» **Task requirements**
Copy, word for word, the lines of the listing below from the line with "ONE PIECE ワンピース 17th ドレスローザ編 18th ゾウ編 DV" up to and including the line with "Kendaka Nubian House - 11". Drop the pictures.
====================
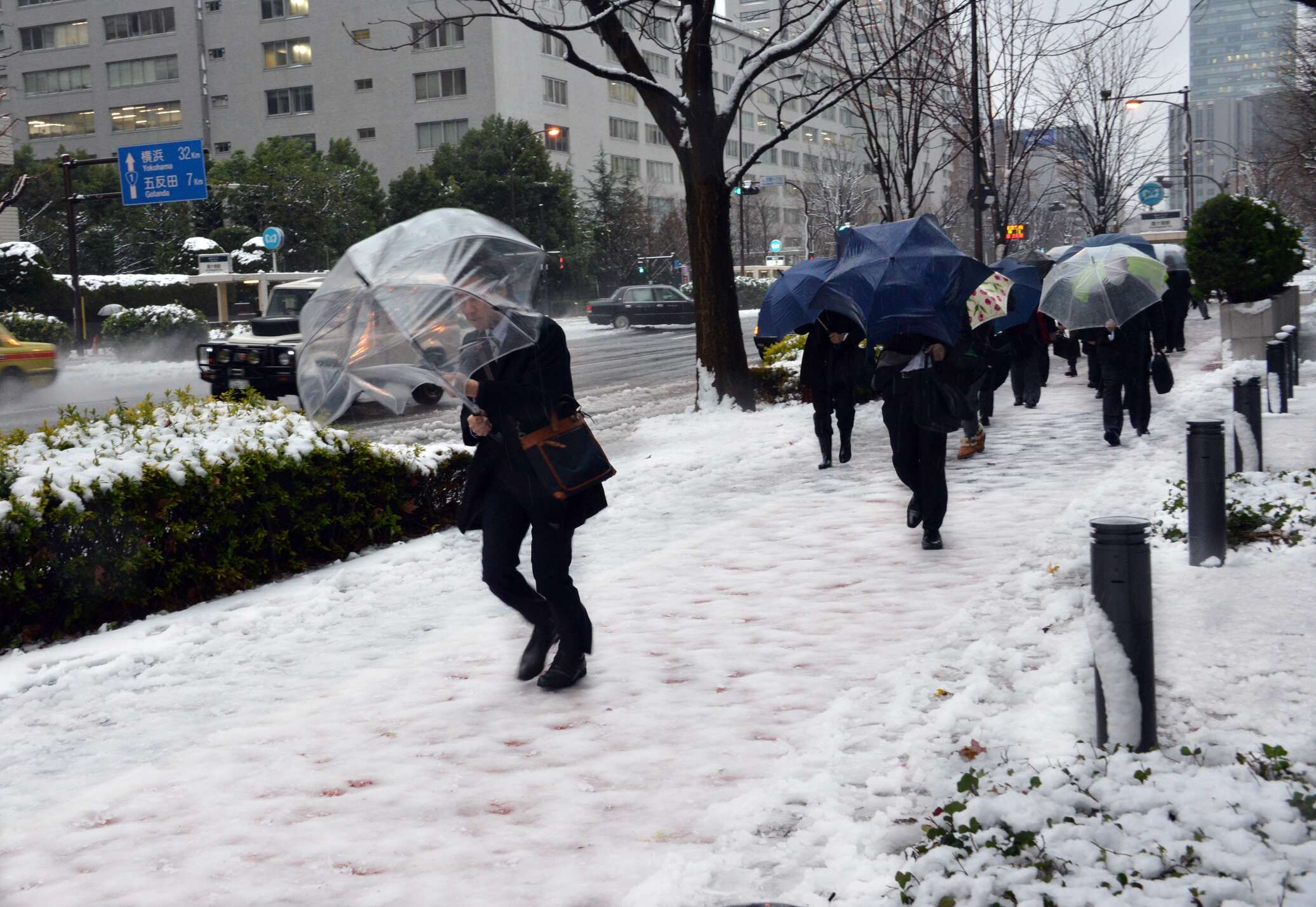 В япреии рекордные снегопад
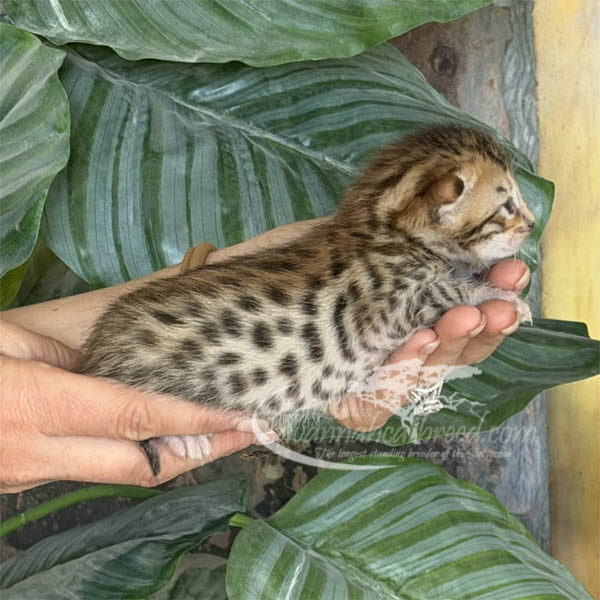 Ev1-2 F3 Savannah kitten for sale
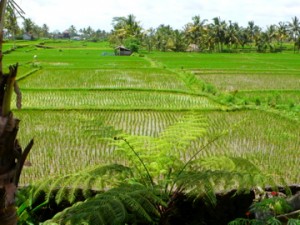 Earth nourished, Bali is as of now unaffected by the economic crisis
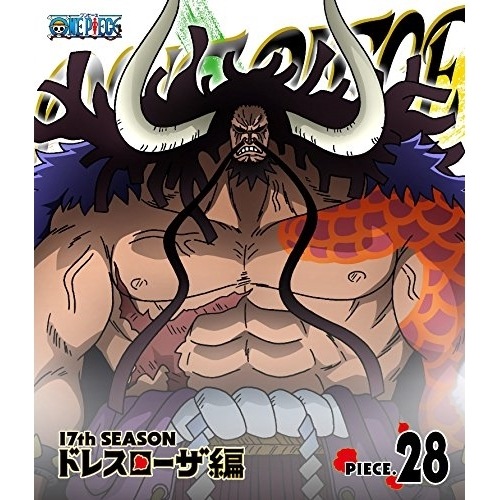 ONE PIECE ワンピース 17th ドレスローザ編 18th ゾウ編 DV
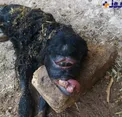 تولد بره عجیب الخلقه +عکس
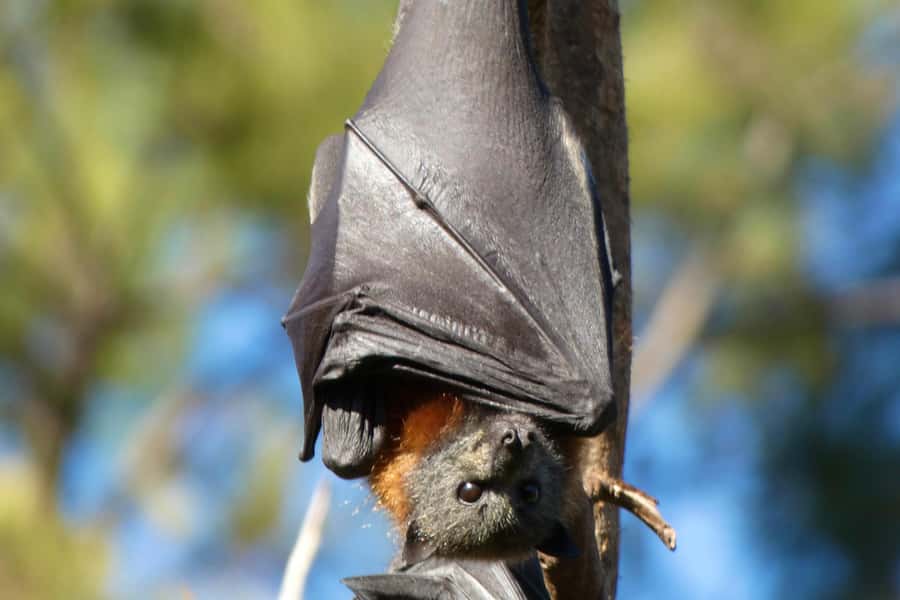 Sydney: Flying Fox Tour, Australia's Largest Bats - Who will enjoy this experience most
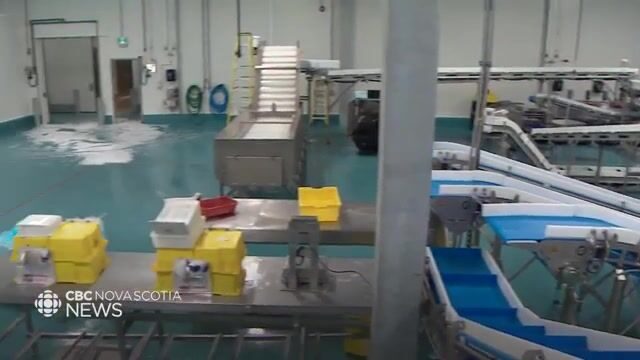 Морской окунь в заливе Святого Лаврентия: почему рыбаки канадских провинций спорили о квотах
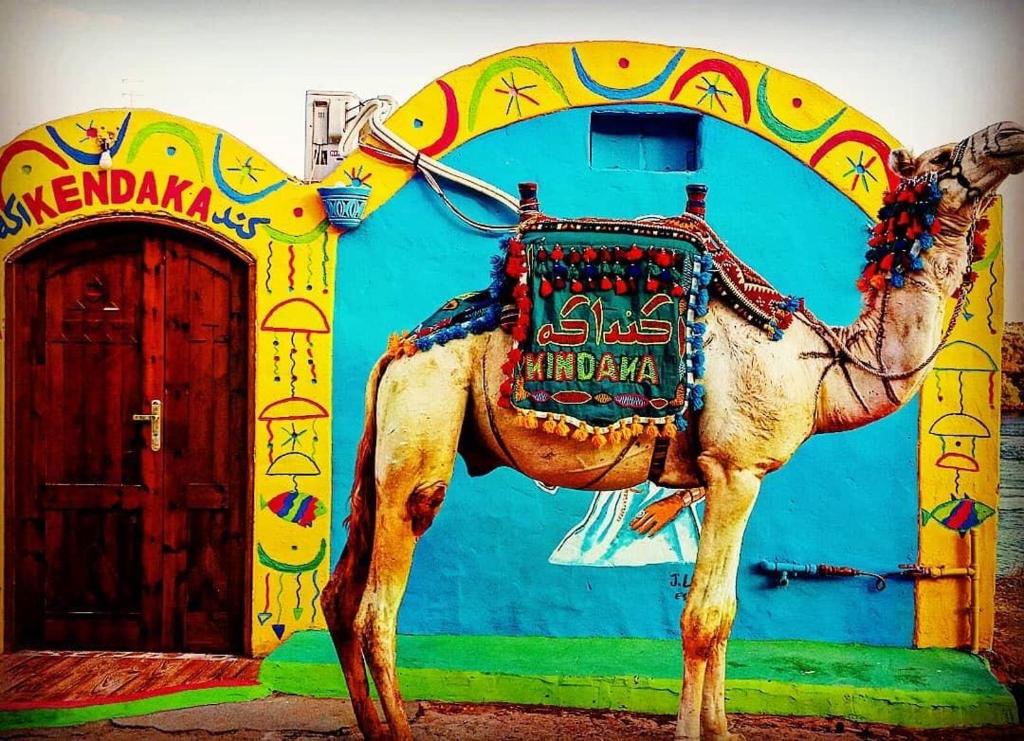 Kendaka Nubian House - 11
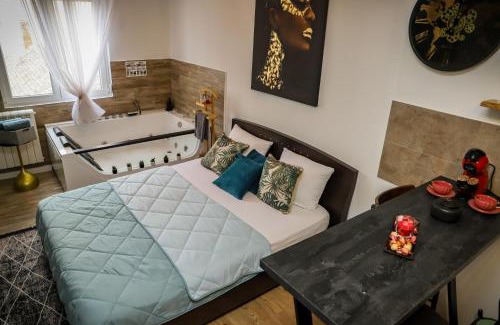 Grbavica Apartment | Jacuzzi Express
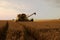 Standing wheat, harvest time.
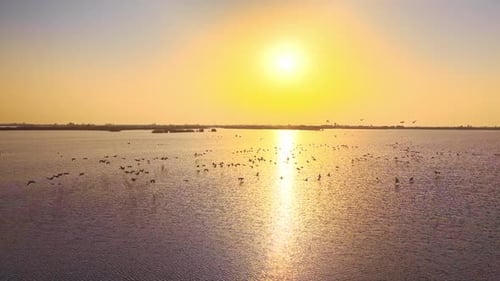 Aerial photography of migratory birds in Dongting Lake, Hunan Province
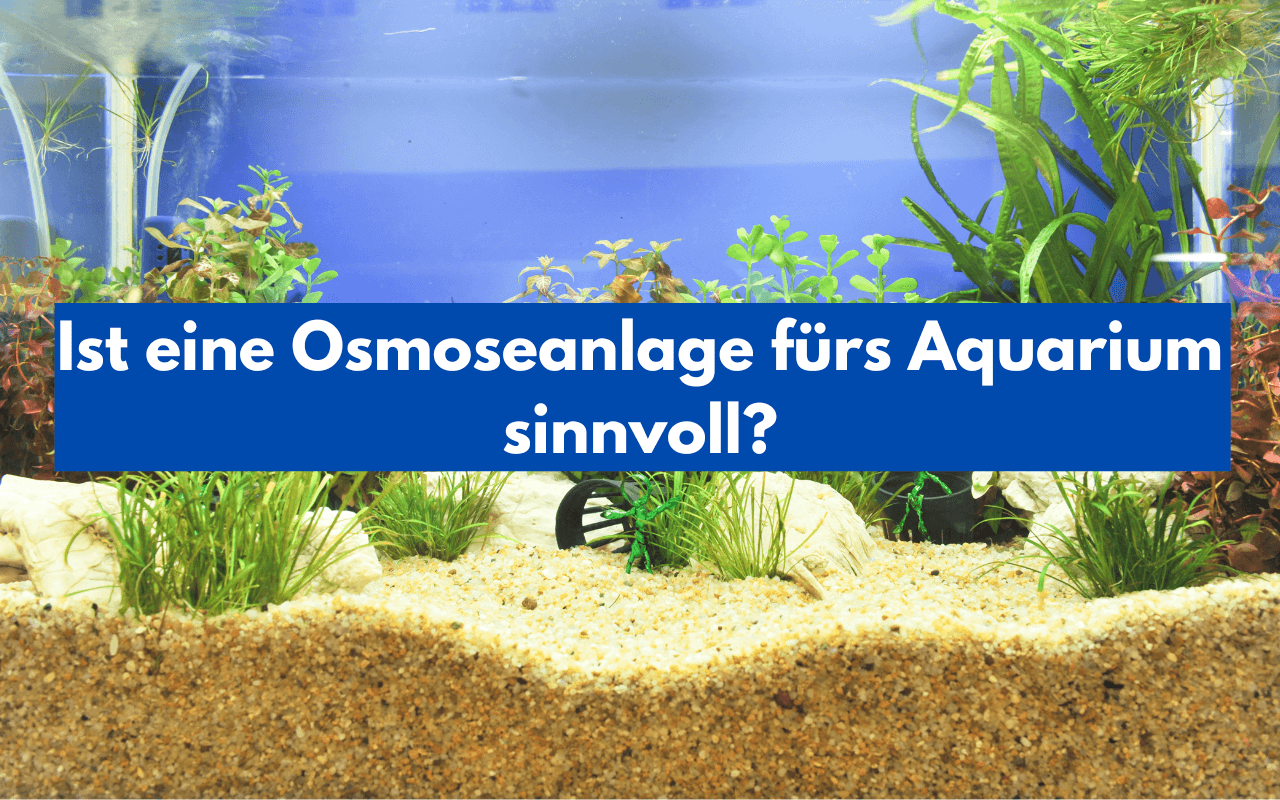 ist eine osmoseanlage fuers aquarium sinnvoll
====================
» **Reply**
 ONE PIECE ワンピース 17th ドレスローザ編 18th ゾウ編 DV
 تولد بره عجیب الخلقه +عکس
 Sydney: Flying Fox Tour, Australia's Largest Bats - Who will enjoy this experience most
 Морской окунь в заливе Святого Лаврентия: почему рыбаки канадских провинций спорили о квотах
 Kendaka Nubian House - 11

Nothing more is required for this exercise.